Oui, je le sais déjà, dit Sirius. Et t'inquiète, je n'irais jamais à Azkaban.

Il avait un ton sec parce que ça l'irritait de devoir se justifier, comme s'il n'était pas assez grand pour gérer seul les risques et les assumer. Et alors qu'il pensait que Vance allait se draper dans sa cape et sortir de son appartement auréolée de sa colère et de sa vision tranchée des choses, le ton de la jeune femme se radoucit.

Ambitieux. Oui, cela était évident.

Cela doit demander un doigté exceptionnel. T’y essayes-tu tout seul, ou les autres garçons t’assistent ?

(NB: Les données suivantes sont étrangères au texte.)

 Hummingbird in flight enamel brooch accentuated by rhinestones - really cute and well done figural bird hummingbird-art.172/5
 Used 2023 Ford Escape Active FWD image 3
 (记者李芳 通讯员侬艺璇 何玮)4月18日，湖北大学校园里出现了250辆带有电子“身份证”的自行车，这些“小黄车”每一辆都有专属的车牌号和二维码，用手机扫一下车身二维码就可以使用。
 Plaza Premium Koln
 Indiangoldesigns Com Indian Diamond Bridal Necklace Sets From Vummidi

Vance avait contourné la moto, et passait ses doigts fins sur le métal luisant, comme une caresse. Le changement d'attitude de la jeune femme était si déroutant que Sirius, qui perdait toutefois rarement ses moyens, ne sut pas quoi répondre - alors que la question était d'une simplicité...
Euh, et bien, balbutia le Maraudeur, c'est surtout Remus qui m'aide. James est occupé avec Lily et maintenant qu'elle est enceinte... Et Peter est assez distant en ce moment.

Il y eut un petit moment de silence, qu'il rompit ensuite.

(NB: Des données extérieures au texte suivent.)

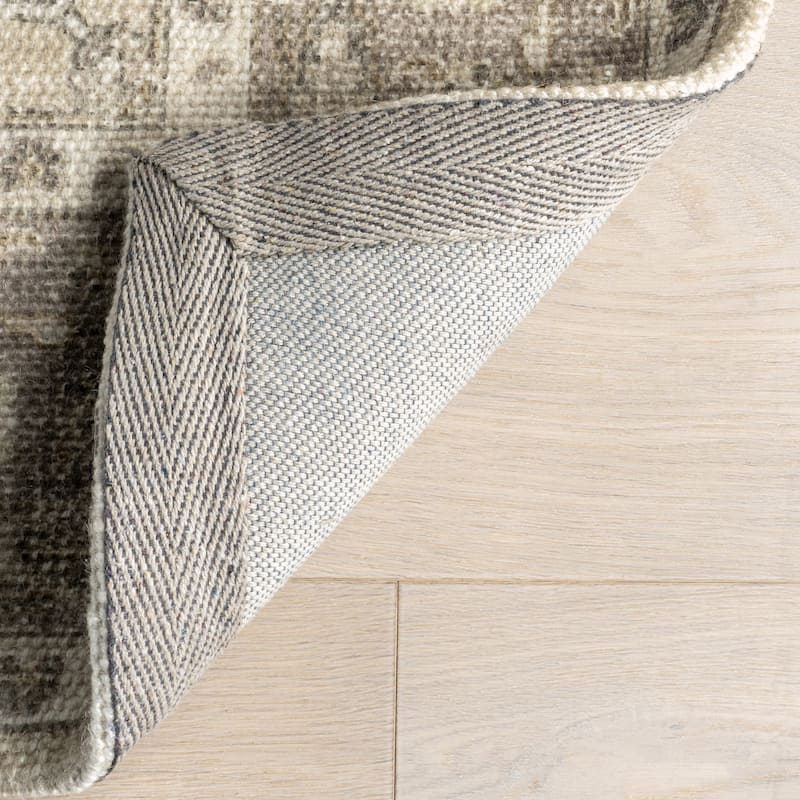 Spindle Medallion Wool and Cotton Area Rug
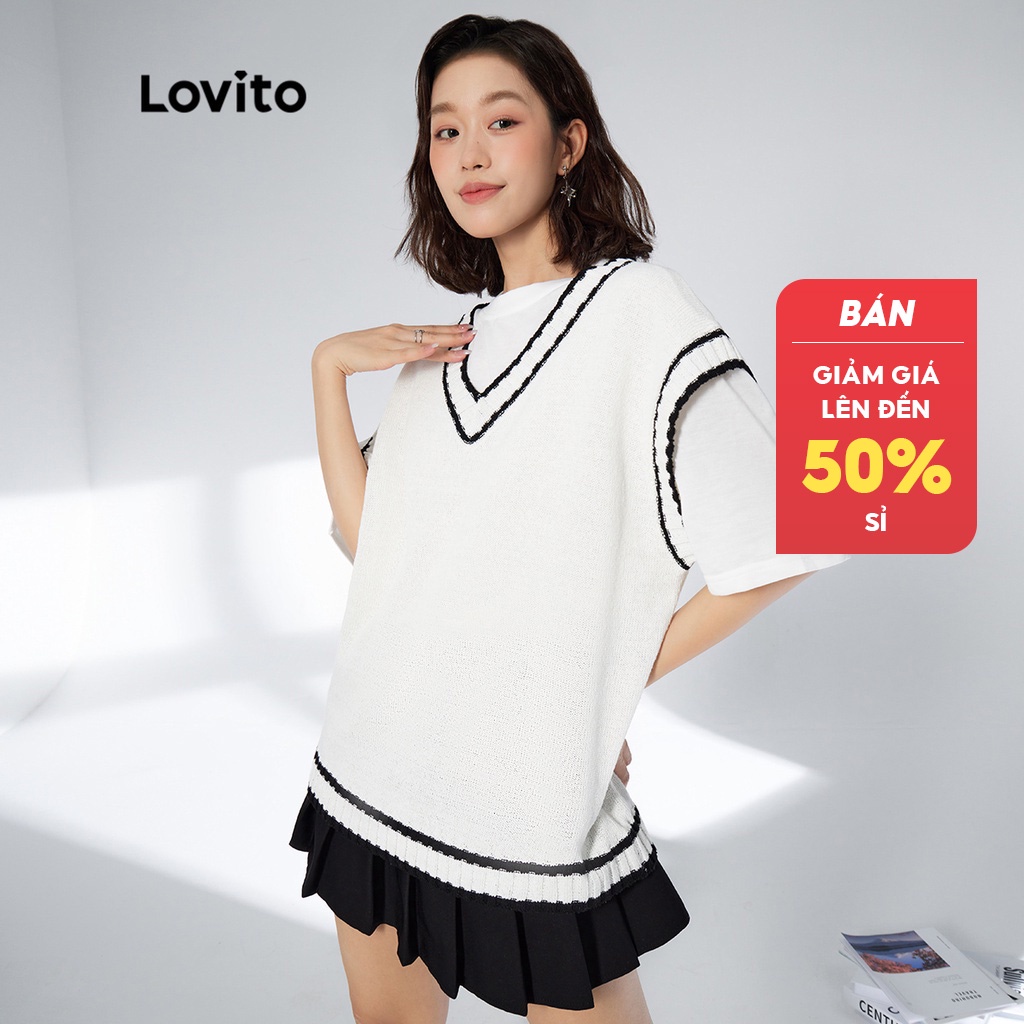 Áo dệt kim LOVITO cổ chữ V màu trơn phong cách thường ngày oversize L33AD067 (màu trắng ngà)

Ce n'est pas évident. J'arrive à la faire voler, mais temporairement. Je voudrais qu'elle vole sans avoir besoin de renouveler le sort. J'ai essayé plusieurs trucs, mais... En tout cas, elle roule normalement. Les moldus n'y voient que du feu.

Sirius n'était séparé de Vance que par sa moto et cela le troublait. Était-ce parce qu'il était surpris par l'intérêt soudain que manifestait l'ex-Serdaigle pour la moto ? En tout cas, il préféra revenir vers le canapé, attrapant au passage sa tasse de café.

Les moldus, souffla-t-il. Je ne vais pas trahir le secret magique. Je ne fais pas ça pour faire des conneries. Ça m'amuse, évidemment mais...
Il but une lampée de café et reprit :
Avec ce qu'il se passe en ce moment, je trouve que cette moto est un vrai symbole. Je ne dis pas que nous devrions dire aux moldus que les sorciers existent, mais nous devrions quand même réussir à coexister. La moto, c'est le moyen de réunir le génie moldu et le génie sorcier.

Sirius termina sa tasse, qu'il reposa sur la table basse, et rejoignit Vance.
C'est ça qui est ambitieux, conclut-il en la regardant.